This is the train of thought and the result of anti-ecclesiastical a-priorism and its historical research. Are the plain facts of history in accord with it? The first and immediate task of the Church is certainly not to disseminate science: her task, first of all, lies in the province of morals and religion. But as she is the highest power of morality and religion, she stands in the midst of mankind's intellectual life, and cannot but come in contact with its other endeavours, owing to the close unity [pg 145] of that life. Hence, let us ask history, not about everything it might tell us in this respect, but about one thing only.

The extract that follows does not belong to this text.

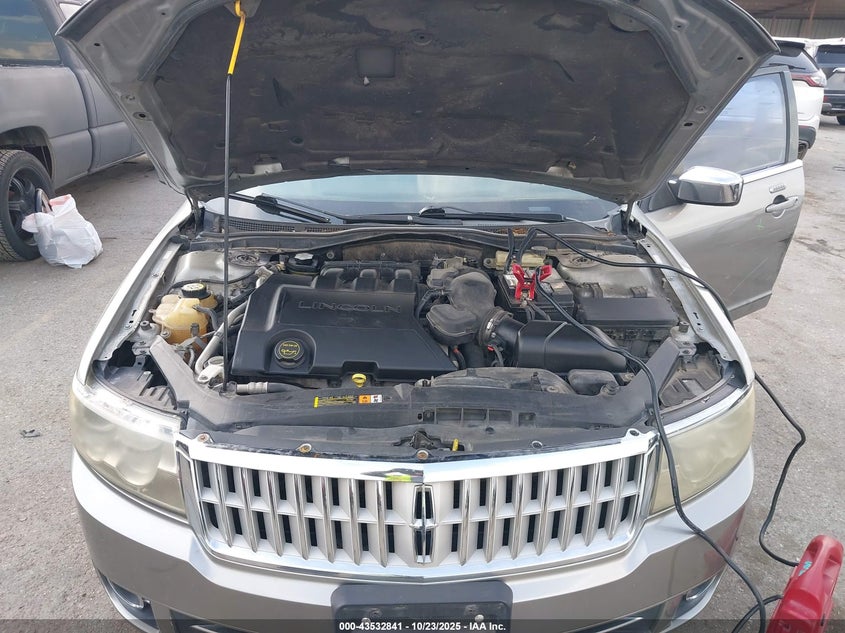 2008 Lincoln Mkz VIN: 3LNHM26T18R601736 Lot: 43532841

We do not wish to show how the Church, headed by the Papacy, has become the mother of Western civilization and culture. Nor shall we enumerate the merits of the Church in art, nor point out the alertness she has certainly shown, in her walk through the centuries, by taking up the intellectual achievements of the time and assimilating them with her moral and religious treasure of faith, withal preserved unchanged. The old Church had done this with the treasures of ancient learning and science; “this spirit of Christianity proved itself by the facility with which Christian thinkers gathered the truth contained in the systems of old philosophy, and, even before that, by assimilating those old truths into Christian thought, the beginning of which had already been made in the New Testament. They were appropriated, without hesitating experiment, without wavering, and were given their place in a higher order” (O. Willmann, Gesch. des Idealismus, 2d ed., II, 1907, 67). This, she unceasingly continues to do, as proved by the high standard of Catholic life and Catholic science at the present, a fact not even disputed by opponents. We point only incidentally to the foundation and the fostering of primary schools by the Church. It is an historical fact that public education began to thrive only with the freer unfolding of the Church.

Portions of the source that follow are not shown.